Moving your family overseas often comes with the need to plan for their long-term future and it’s essential to keep your financial affairs in solid, working order. It’s particularly important to think about how to guard them in the unfortunate case of death or injury.
Be mindful of the influence of local laws – especially when it comes to estate planning and wills. Advice taken locally is key to ensuring that your wishes are carried out when you die and it is often difficult to bypass your children when planning inheritance in comparison to the UK where civil laws operate.
As a basic example, the house that you and your family might have shared in Australia would be automatically passed on to any children and your surviving partner might still be able to use the house but would not be able to sell it without the children’s permission.

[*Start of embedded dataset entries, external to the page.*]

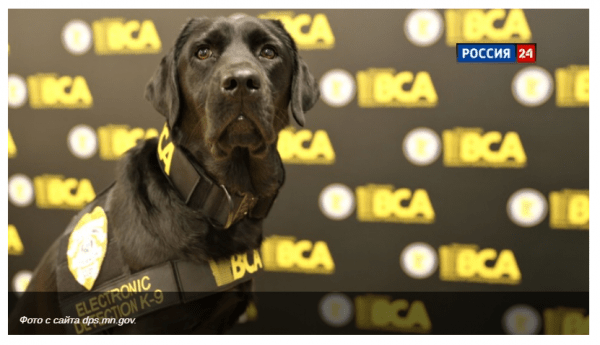 Служебных собак научили вынюхивать педофилов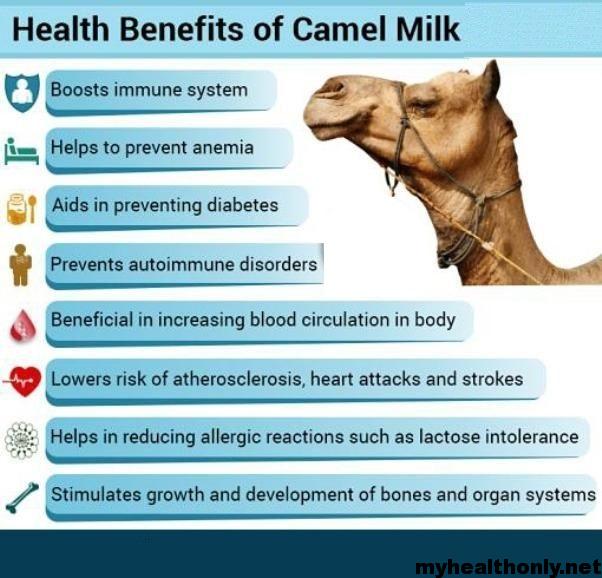 Benefits of camel milk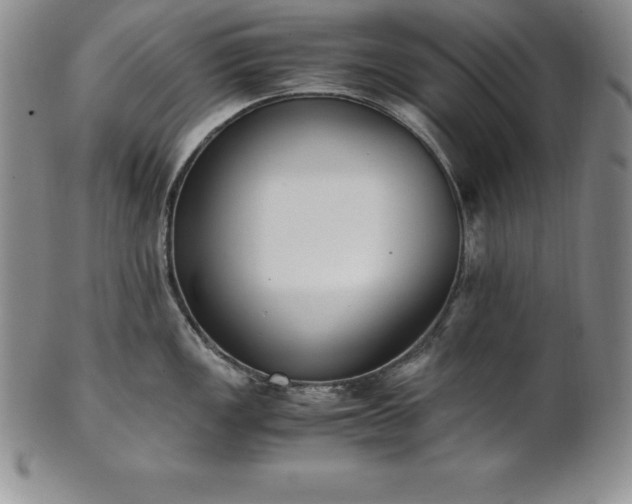 X0000101681149200807171406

Many people find trust schemes a useful platform for estate planning in that they allow a parent to ensure their assets are only passed on to children at a certain age and when they are able to make financially independent decisions. However, UK trust law might not hold up in a civil law jurisdiction, which doesn’t recognise legal structures of this kind. Holding your wealth in an offshore location could also be a way of managing this issue and may help avoid any potential issues.
Some expats often find it difficult to manage their bank account abroad, particularly joint accounts, as in the unfortunate case of death; the survivor may not be able to access the funds.

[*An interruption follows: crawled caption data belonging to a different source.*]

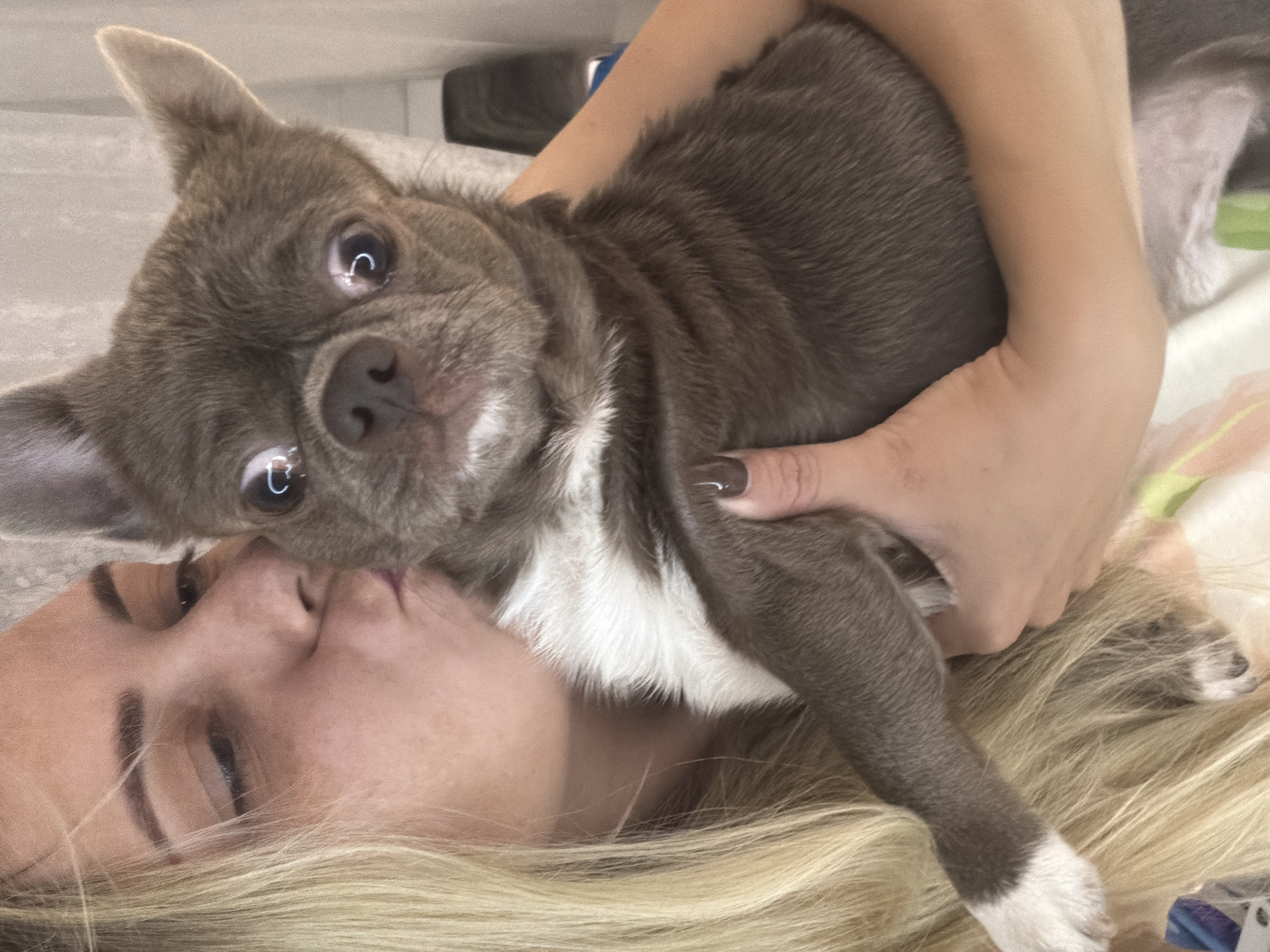 A blonde woman is holding a small, gray and white dog and kissing it on the snout. The dog has large, expressive eyes. The woman's hair is long and blonde, and she is wearing light-colored clothing. The dog has a white chest and white paws. The background is blurred and appears to be an indoor setting. There is no discernible location in Votkinsk, Russia, mentioned or depicted in the image.
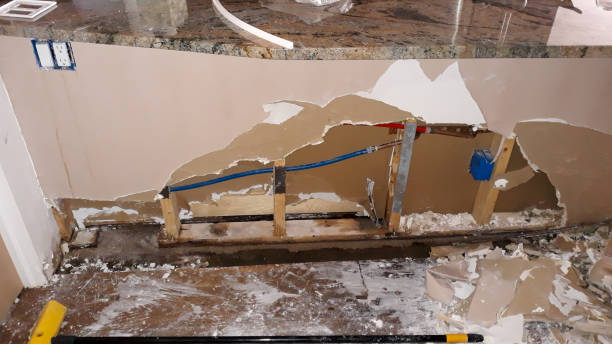 Best Flood restoration services  in Bonny Doon, CA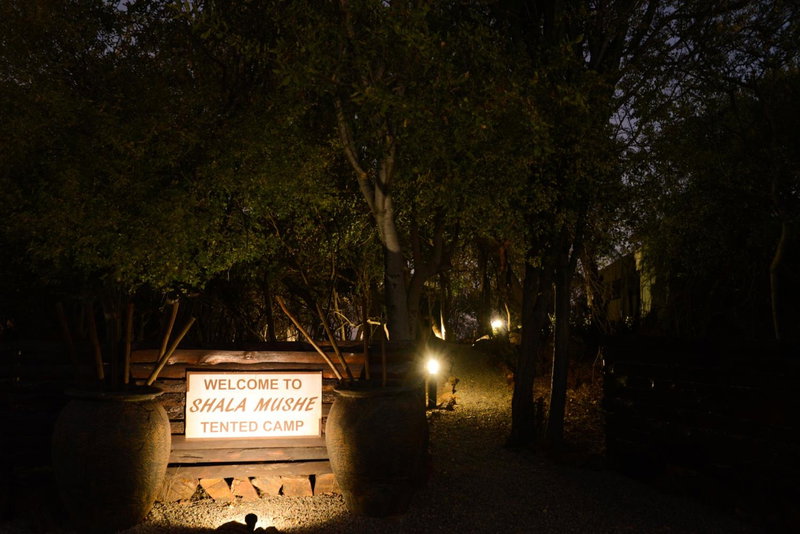 Shala Mushe Tented Camp & Camp, Warmbaths, South Africa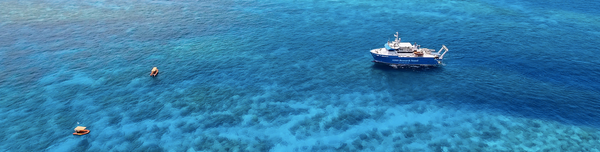 What’s next for the second round of fisheries subsidies agreement negotiations at the upcoming WTO conference?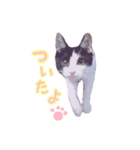 ねこねこさんだー（個別スタンプ：8）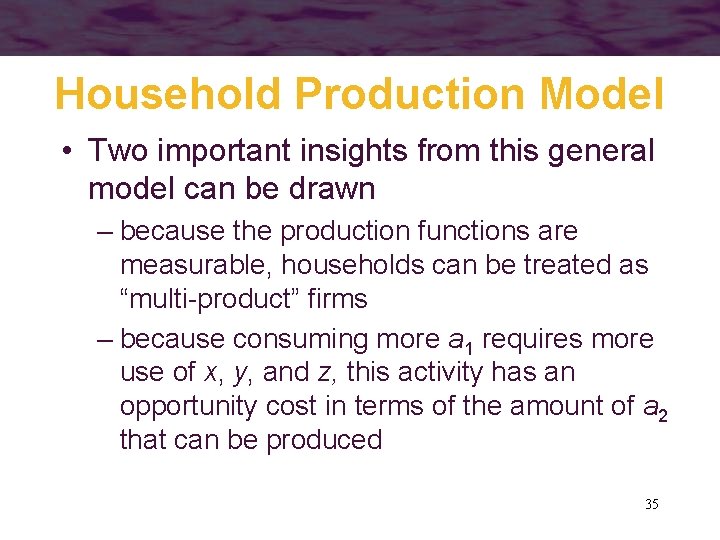 Household Production Model • Two important insights from this general model can be drawn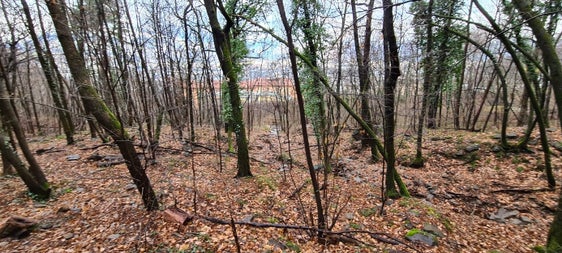 In questa zona boschiva sopra il quartiere di Aslago a Bolzano, l'Ufficio Sistemazione bacini montani sta realizzando una briglia di trattenuta per aumentare la protezione contro le piene. (Foto: USP/Ufficio Sistemazione bacini montani Sud dell'Agenzia per la Protezione civile)
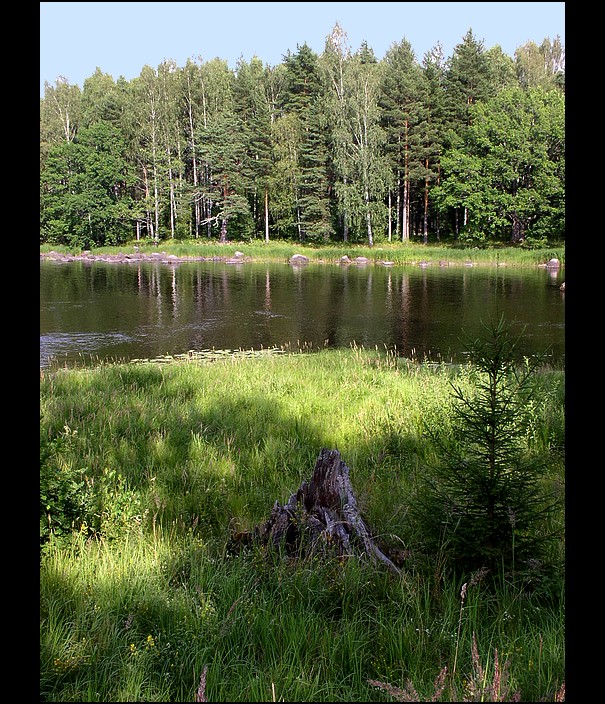 Švédsko - NP Färnebofjärden (4)
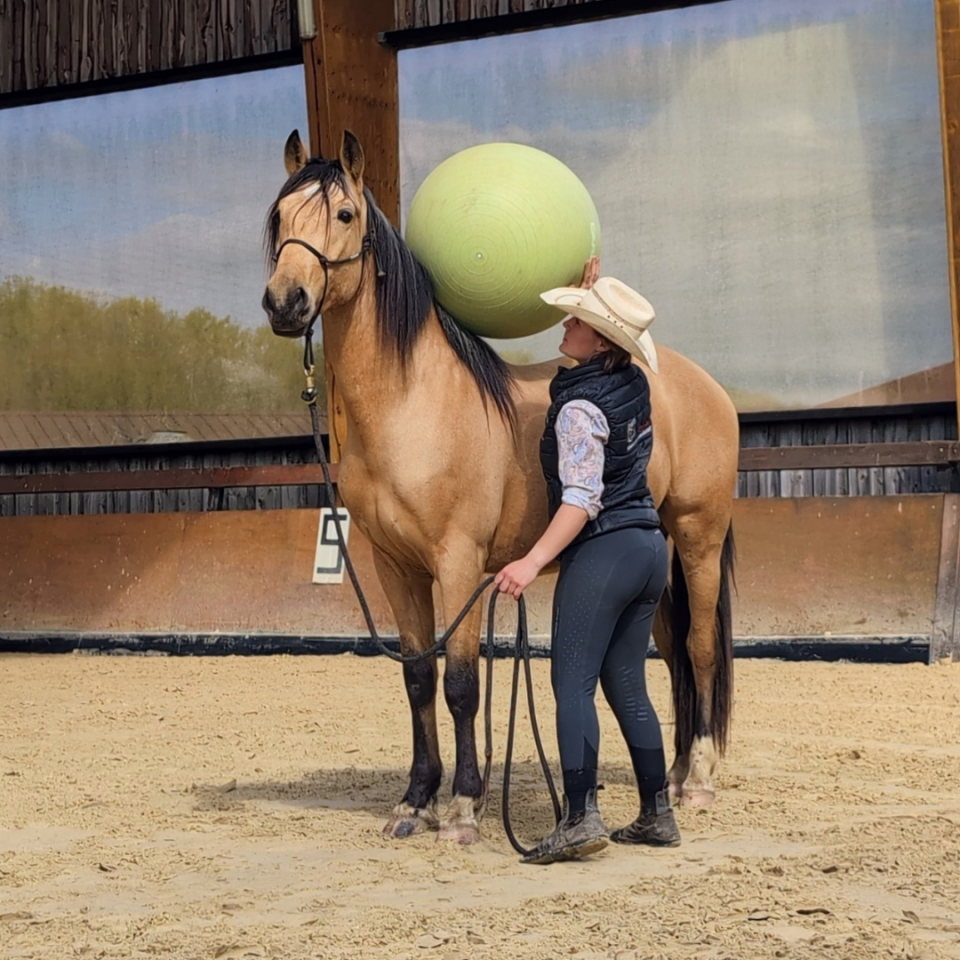 Caballo castrado PRE Pura Raza Española En venta 2021 Isabelo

When it comes to securing your Will – if of UK origin, it should be accepted almost everywhere in Europe. However, it can be a good idea to exclude your foreign property from the main Will and have a separate Will drafted up in local form for dealing with the property in that country. Without a Will, your home will not necessarily be passed on to your loved ones in the way you would hope.
It is also worth bearing in mind that inheritance laws vary worldwide and are often highly complex, but with proper planning it is possible to pass on a legacy to your family without incurring a crippling tax bill.

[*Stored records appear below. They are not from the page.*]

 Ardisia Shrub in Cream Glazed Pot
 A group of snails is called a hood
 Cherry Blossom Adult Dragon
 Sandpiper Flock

In many countries inheritance tax is charged on an estate when someone dies. The important thing for expats to remember is that inheritance tax is based on your domicile and/or your residency. If you are domiciled or deemed domicile in the UK, you could be liable for UK inheritance tax on all of your assets worldwide, even if you live in another country.
Claiming back tax before you leave the UK can be very advantageous, even though completing a tax refund application can be a daunting task for anyone. However, PSS International Removals can happily refer you to one of our tax-back agents who will prepare and submit a claim on your behalf.
This will ensure that all of the information and evidence is provided correctly to the HMRC who can also review tax payments dating back 6 years and claim back any over payments at the same period. Furthermore, our tax-back agent is based in the UK and can offer a free, no obligation initial consultation. Please click this link to complete a form for more information or for our partner to contact you.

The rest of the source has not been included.